Kategorie: Tierisch Gut

Tierzubehör: Sicher durch den Winter

Der Mensch hüllt sich einfach in seine dicke Wintergarderobe und schon ist Schluss mit dem Frieren, aber welches Tierzubehör gibt es für unsere Lieblinge: Hund, Katze, Kleintier oder Vogel. Darauf sollten Sie achten! Tierzubehör für Ihren besten Freund Bleiben wir einmal beim besten Freund des Menschen, dem Hund. Spaziergänge sind zu jeder Jahreszeit wichtig, aber im Winter ist auf Einiges zu achten.
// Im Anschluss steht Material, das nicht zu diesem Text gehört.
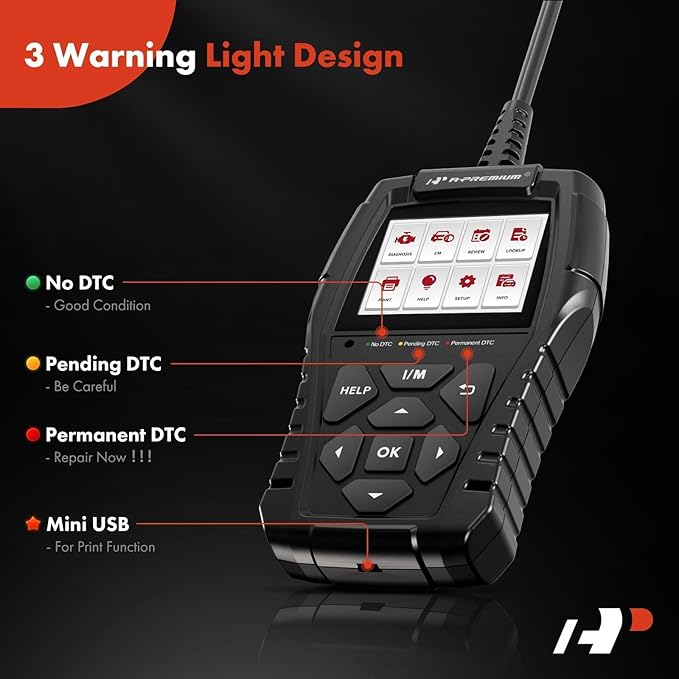 A-Premium AD200 Professional OBD2 Scanner Car Diagnostic Tool, OBDII EOBD Code - Image 3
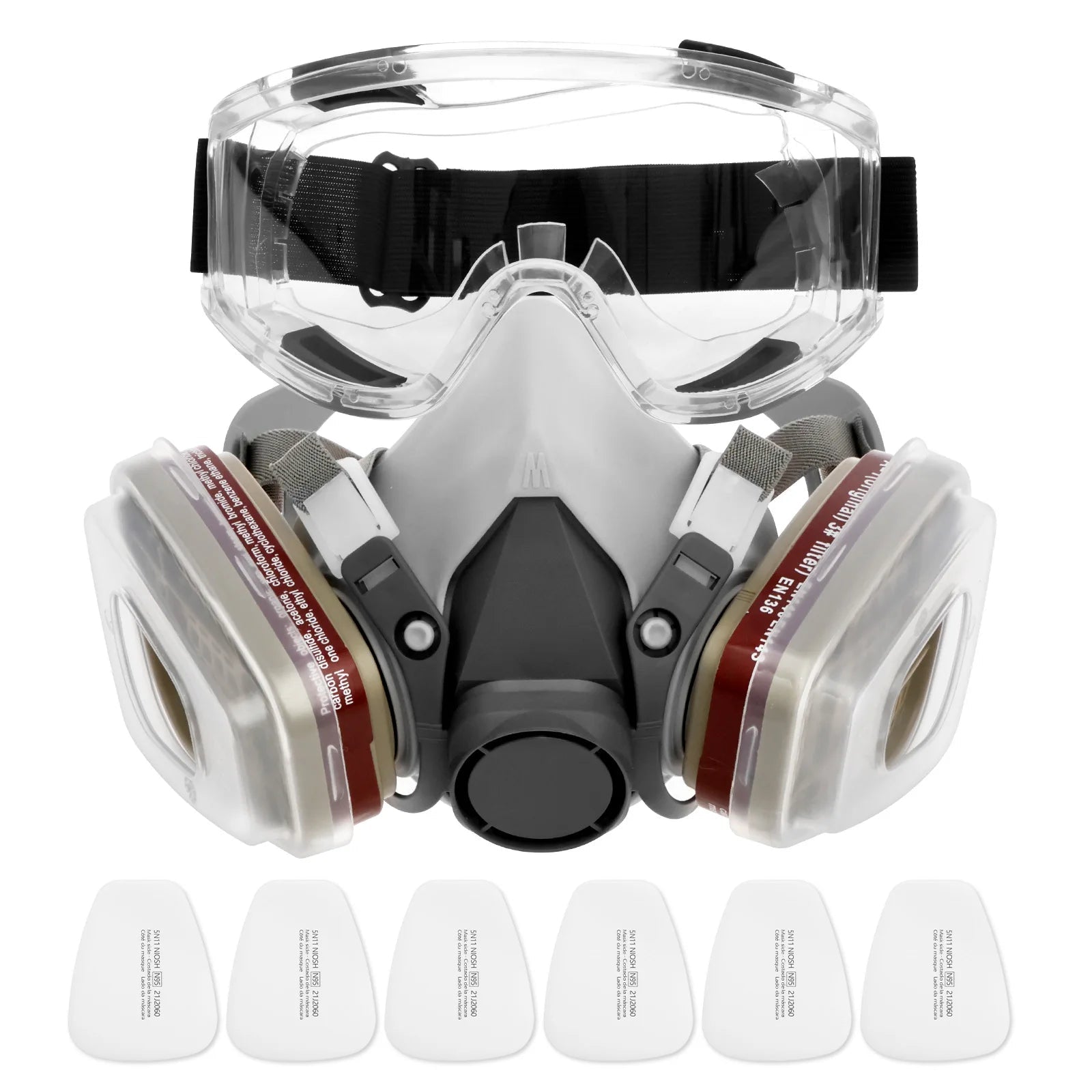 Respirator Mask Half Facepiece Gas Mask with Safety Glasses Reusable Professional Breathing Protection Against Dust Chemicals - Kenner House Emporium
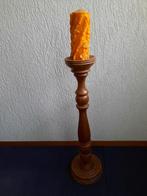 Massief houten kandelaar en massief houten schemerlamp-voet, Antiek en Kunst, Ophalen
Sie sollten darauf achten, dass ihr Vierbeiner nicht friert, wenn er im Garten herumläuft. Solange ihr Hund aber in Bewegung ist, braucht er eher kein Tierzubehör, wie Kleidung. Planen sie allerdings einen langen Aufenthalt im Freien oder hat Ihr Hund keine Möglichkeit sich zu bewegen, dann sollten Sie über passendes Tierzubehör nachdenken. Oft frieren kleinere Hunde mit kurzem Fell schneller als größere Rassen. Alte und junge Hunde benötigen in der kalten Jahreszeit besonderen Schutz, die Kleidung sollte den Bauch schützen. Eis und Schnee können besonders für die Pfoten ein Problem darstellen, die Pfoten können aufreißen und durch Streusalz besteht zusätzlich die Gefahr einer Austrocknung und diese führt zu Rissbildung im Ballenbereich. Tierzubehör wie Hundeschuhe können hier den nötigen Schutz bieten. Sie dienen auch der Rutschfestigkeit auf Eis. Achten sollte Sie ebenfalls darauf, dass die Hunde sich nicht lange in den Schnee oder auf kalte Pflastersteine legen und Sie Spaziergänge bei sehr kalten Temperaturen kürzer halten. Zubehör für mehr Sicherheit Nach dem Spaziergang sollte eine ständige Kontrolle und...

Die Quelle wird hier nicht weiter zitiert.